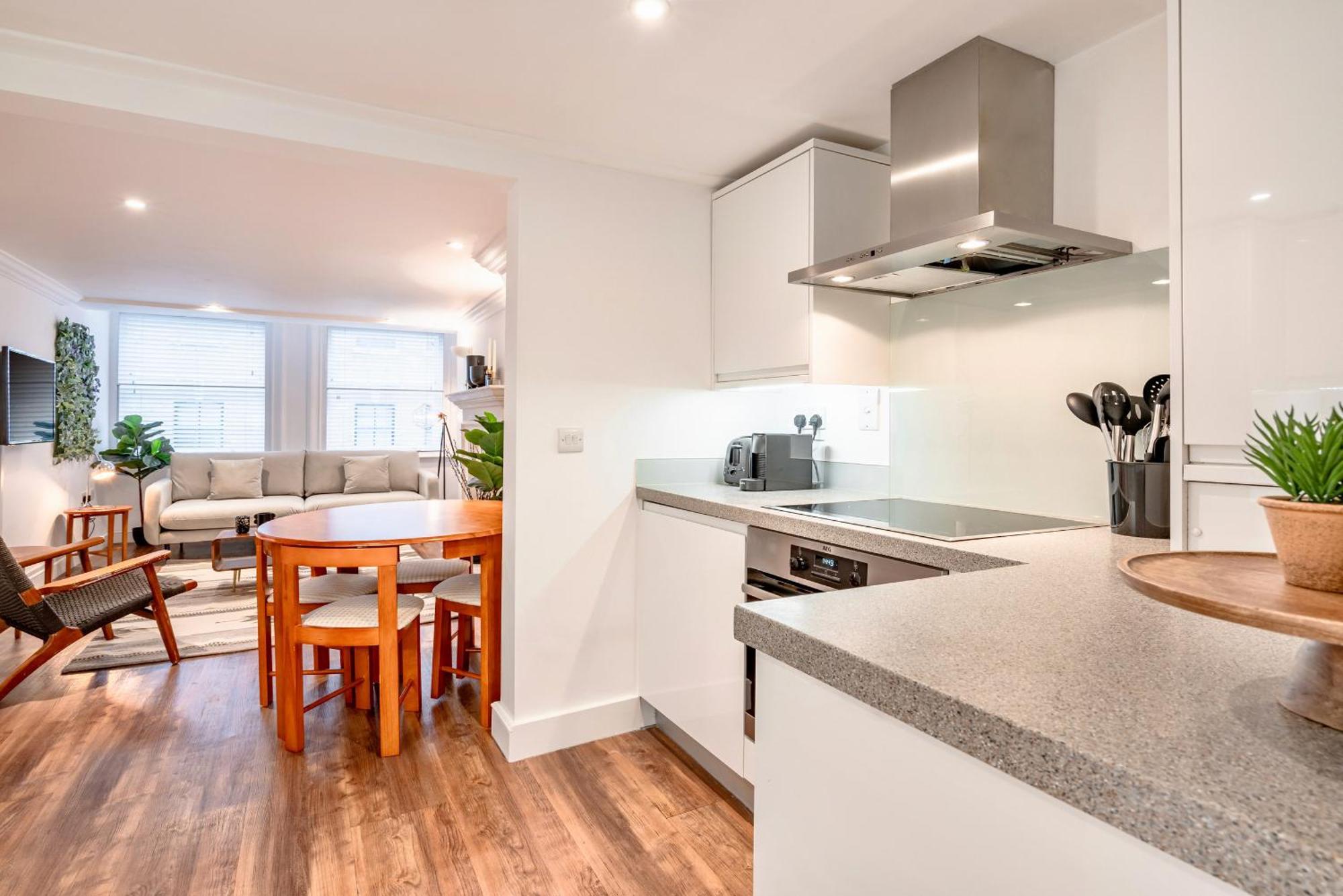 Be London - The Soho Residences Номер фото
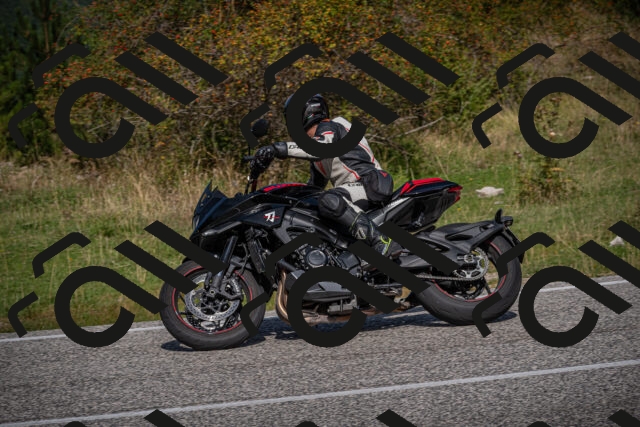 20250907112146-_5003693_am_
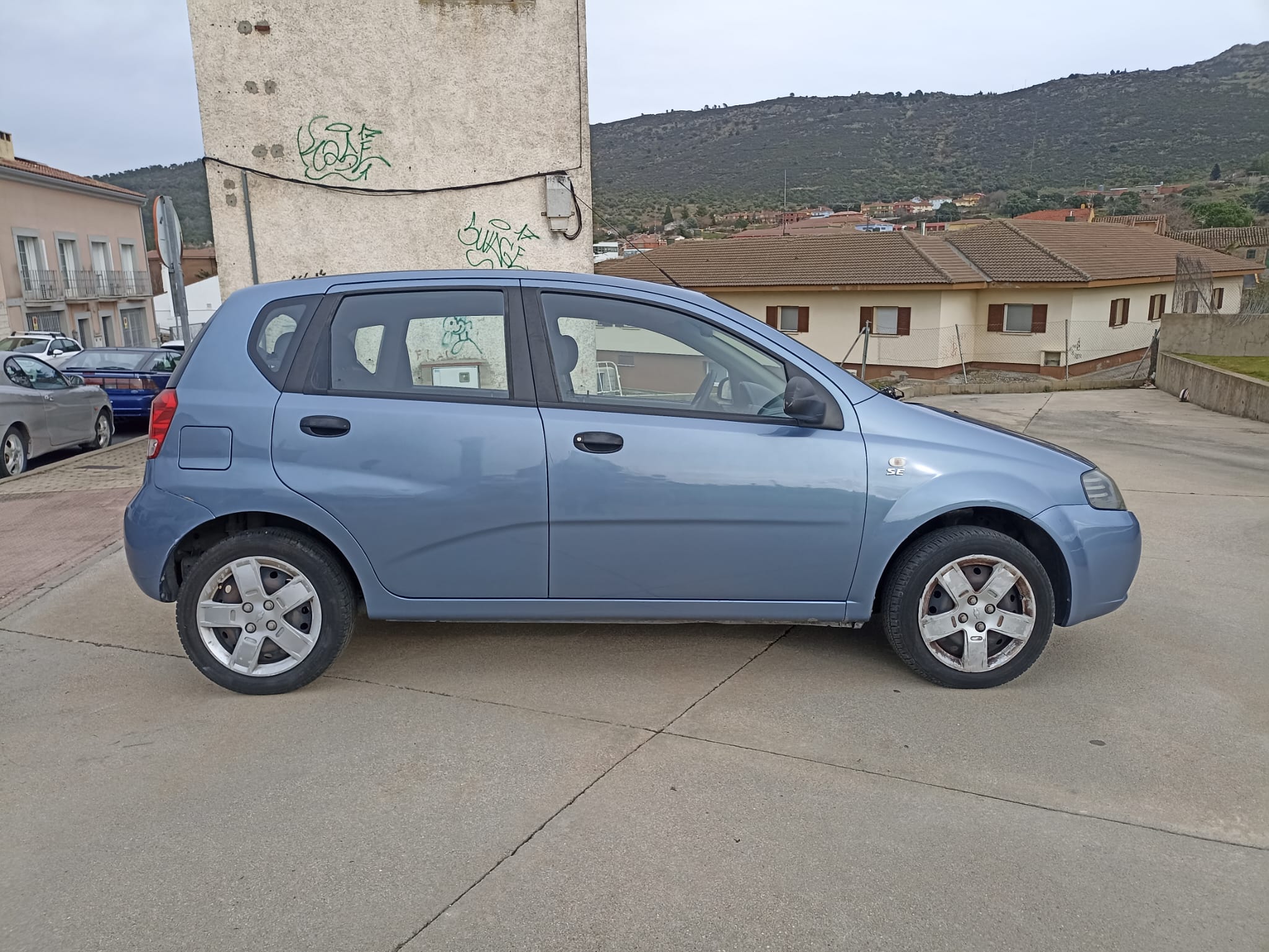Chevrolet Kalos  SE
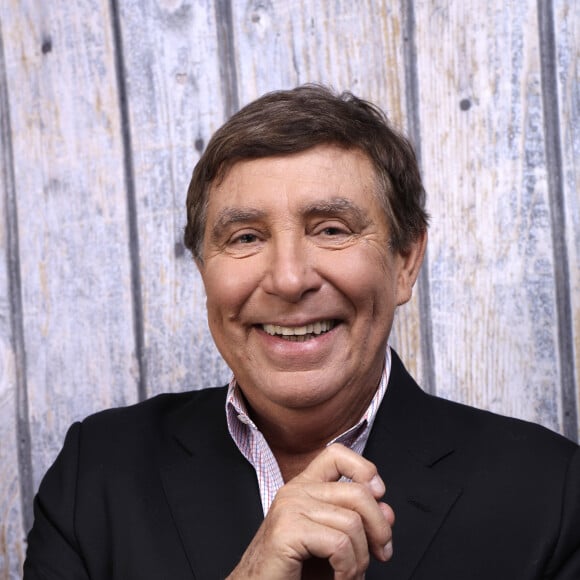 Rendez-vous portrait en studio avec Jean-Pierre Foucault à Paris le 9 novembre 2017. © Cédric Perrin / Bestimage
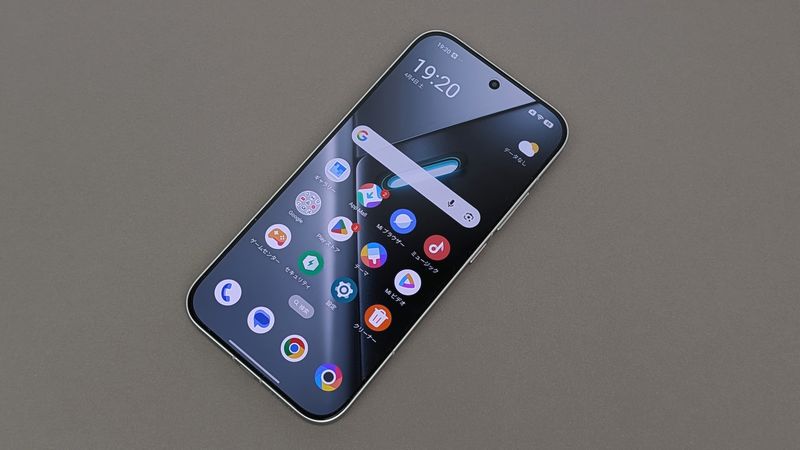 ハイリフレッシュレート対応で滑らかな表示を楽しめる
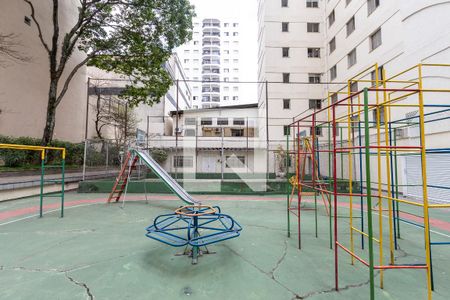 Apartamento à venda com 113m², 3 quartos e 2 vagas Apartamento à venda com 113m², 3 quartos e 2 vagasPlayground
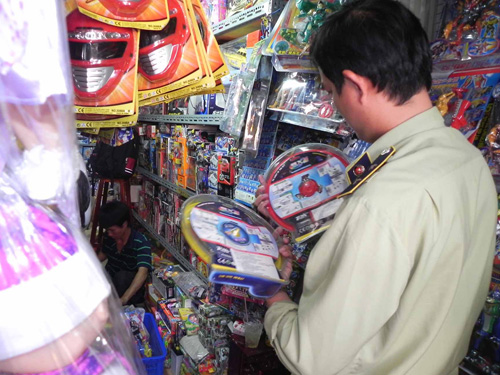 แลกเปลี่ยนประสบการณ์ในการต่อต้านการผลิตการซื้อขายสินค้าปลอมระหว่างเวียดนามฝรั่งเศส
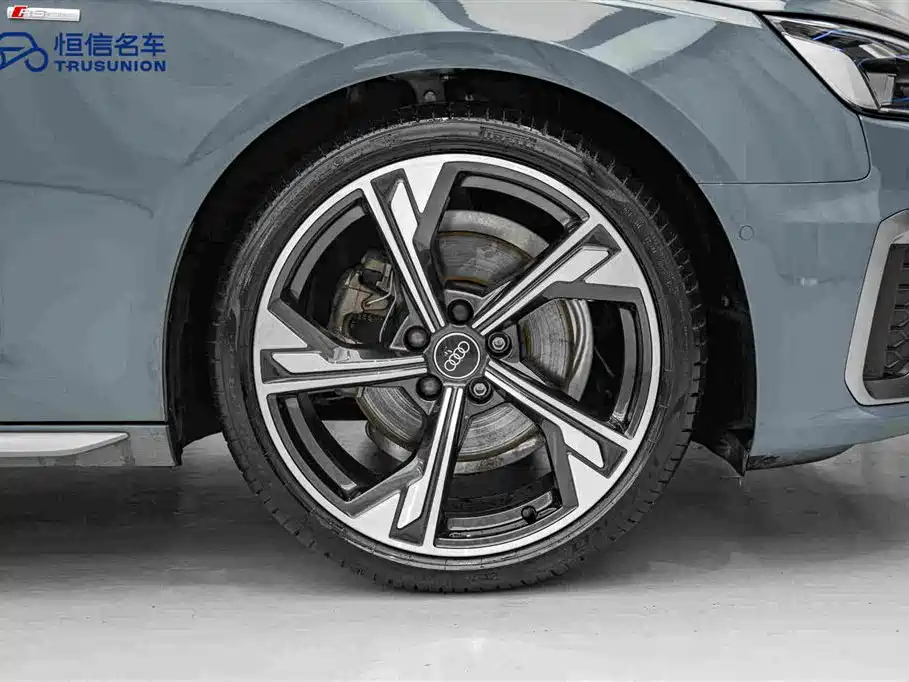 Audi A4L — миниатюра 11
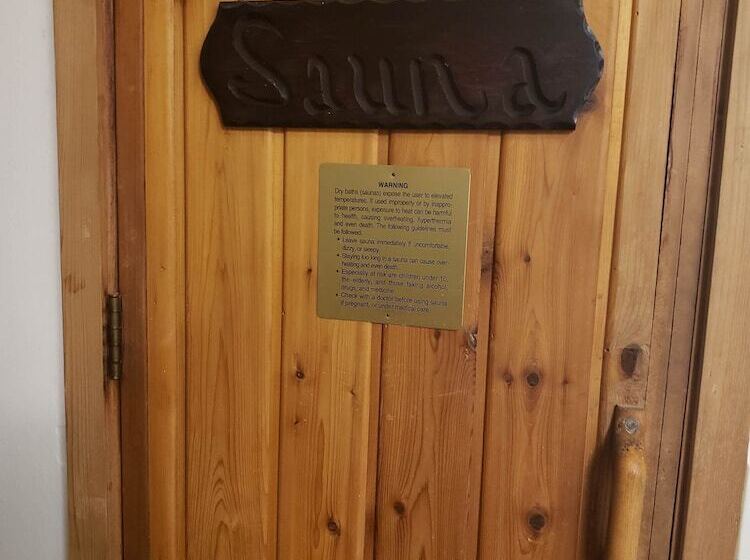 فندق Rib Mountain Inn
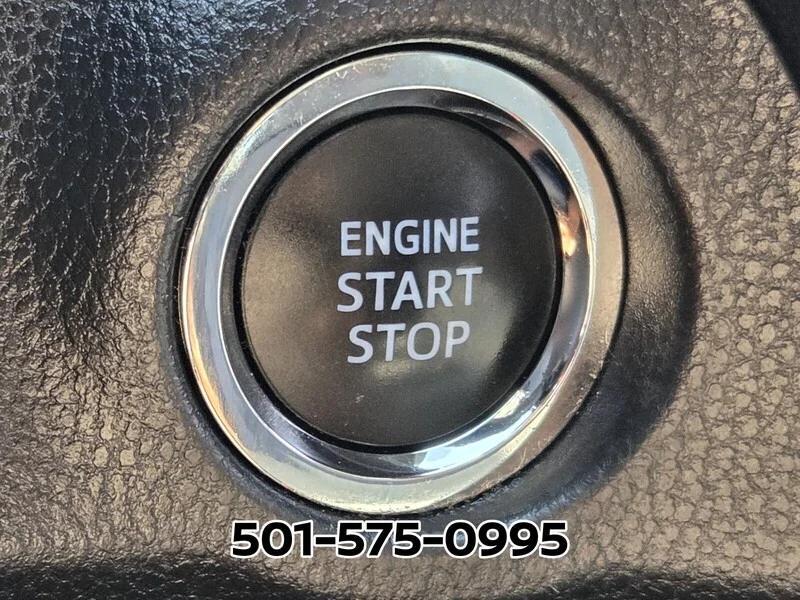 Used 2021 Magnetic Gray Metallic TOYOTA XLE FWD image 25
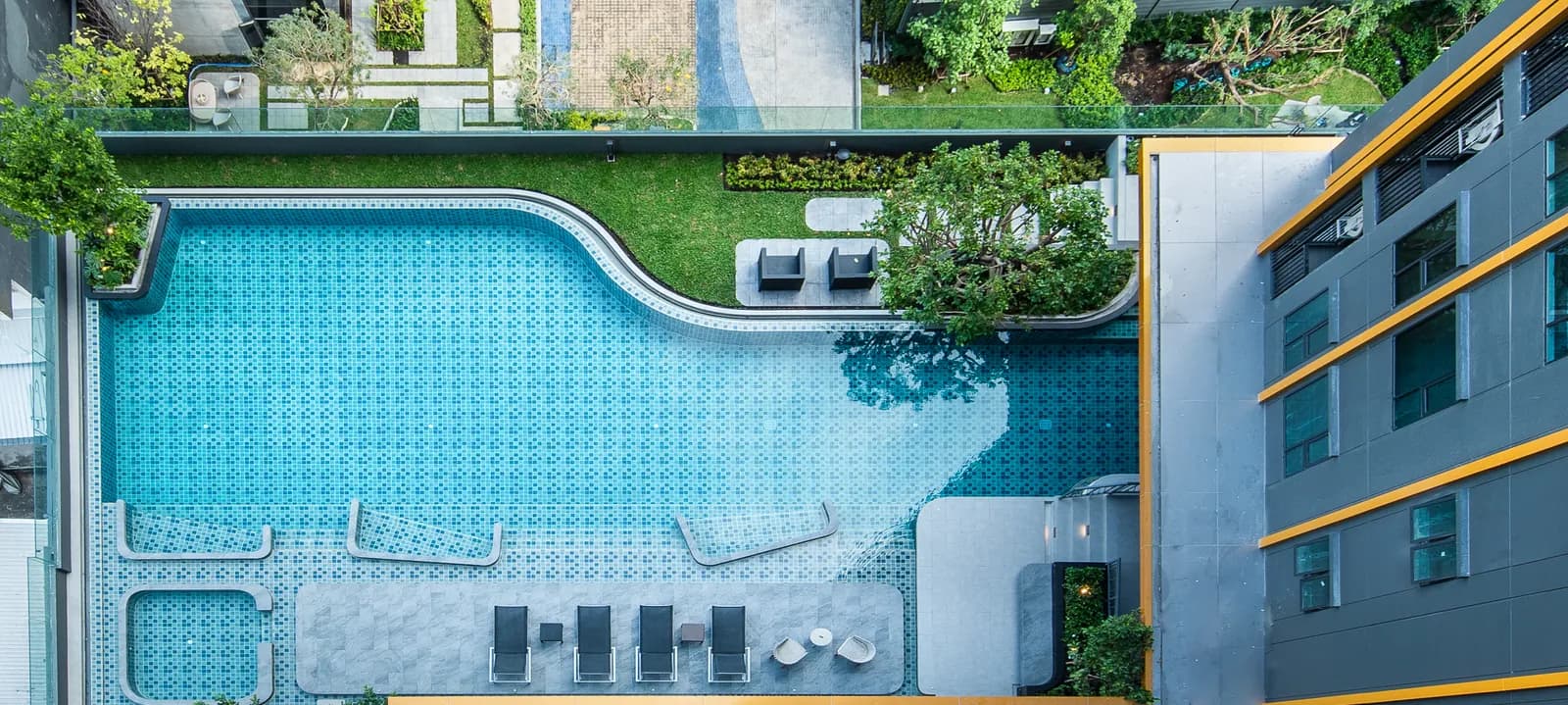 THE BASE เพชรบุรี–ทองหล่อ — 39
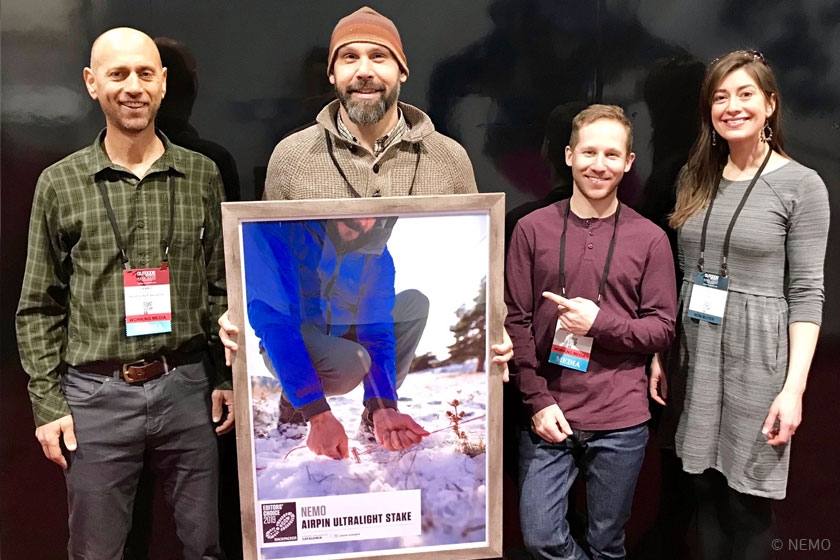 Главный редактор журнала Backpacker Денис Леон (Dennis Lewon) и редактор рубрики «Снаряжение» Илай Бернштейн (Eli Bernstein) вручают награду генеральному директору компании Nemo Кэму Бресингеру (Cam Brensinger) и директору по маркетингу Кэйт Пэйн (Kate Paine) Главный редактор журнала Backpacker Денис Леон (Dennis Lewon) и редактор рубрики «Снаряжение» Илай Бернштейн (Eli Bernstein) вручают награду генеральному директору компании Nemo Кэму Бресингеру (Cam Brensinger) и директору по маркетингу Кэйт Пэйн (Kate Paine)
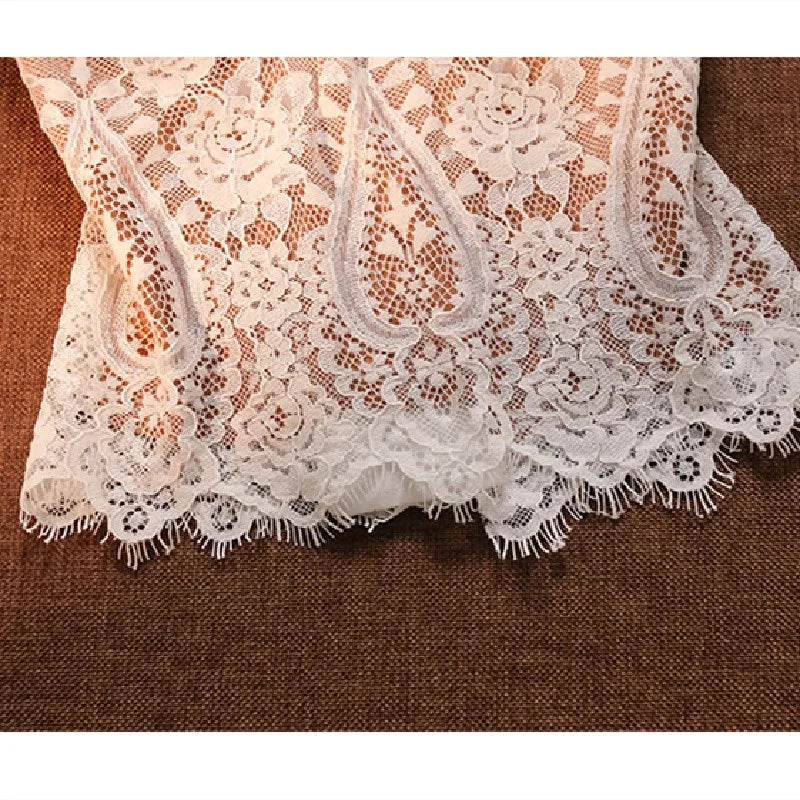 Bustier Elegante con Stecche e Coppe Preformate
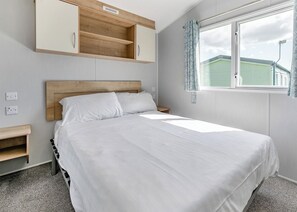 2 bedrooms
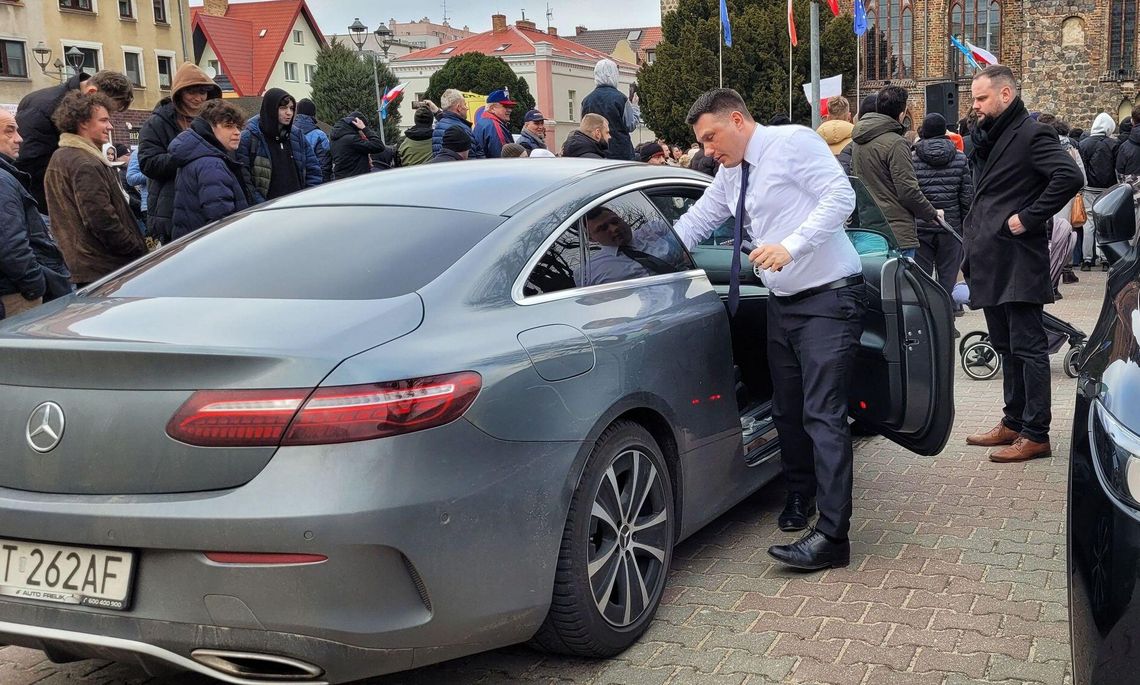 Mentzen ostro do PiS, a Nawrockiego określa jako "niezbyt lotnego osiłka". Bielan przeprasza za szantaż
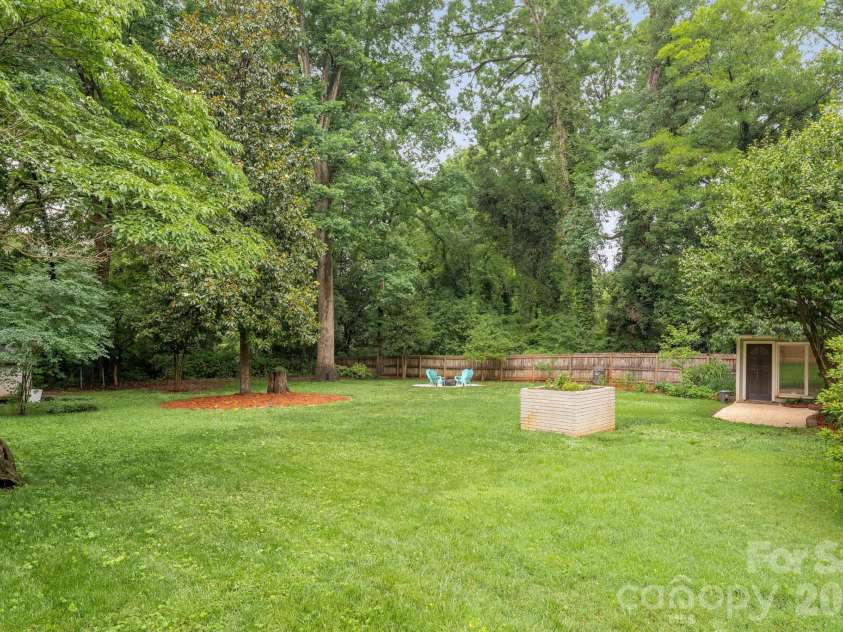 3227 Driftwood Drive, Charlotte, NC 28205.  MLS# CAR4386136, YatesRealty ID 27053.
....
Would you please copy the listing exactly, omitting every picture?

 Be London - The Soho Residences Номер фото
 20250907112146-_5003693_am_
Chevrolet Kalos  SE
 Rendez-vous portrait en studio avec Jean-Pierre Foucault à Paris le 9 novembre 2017. © Cédric Perrin / Bestimage
 ハイリフレッシュレート対応で滑らかな表示を楽しめる
 Apartamento à venda com 113m², 3 quartos e 2 vagas Apartamento à venda com 113m², 3 quartos e 2 vagasPlayground
 แลกเปลี่ยนประสบการณ์ในการต่อต้านการผลิตการซื้อขายสินค้าปลอมระหว่างเวียดนามฝรั่งเศส
 Audi A4L — миниатюра 11
 فندق Rib Mountain Inn
 Used 2021 Magnetic Gray Metallic TOYOTA XLE FWD image 25
 THE BASE เพชรบุรี–ทองหล่อ — 39
 Главный редактор журнала Backpacker Денис Леон (Dennis Lewon) и редактор рубрики «Снаряжение» Илай Бернштейн (Eli Bernstein) вручают награду генеральному директору компании Nemo Кэму Бресингеру (Cam Brensinger) и директору по маркетингу Кэйт Пэйн (Kate Paine) Главный редактор журнала Backpacker Денис Леон (Dennis Lewon) и редактор рубрики «Снаряжение» Илай Бернштейн (Eli Bernstein) вручают награду генеральному директору компании Nemo Кэму Бресингеру (Cam Brensinger) и директору по маркетингу Кэйт Пэйн (Kate Paine)
 Bustier Elegante con Stecche e Coppe Preformate
 2 bedrooms
 Mentzen ostro do PiS, a Nawrockiego określa jako "niezbyt lotnego osiłka". Bielan przeprasza za szantaż
 3227 Driftwood Drive, Charlotte, NC 28205.  MLS# CAR4386136, YatesRealty ID 27053.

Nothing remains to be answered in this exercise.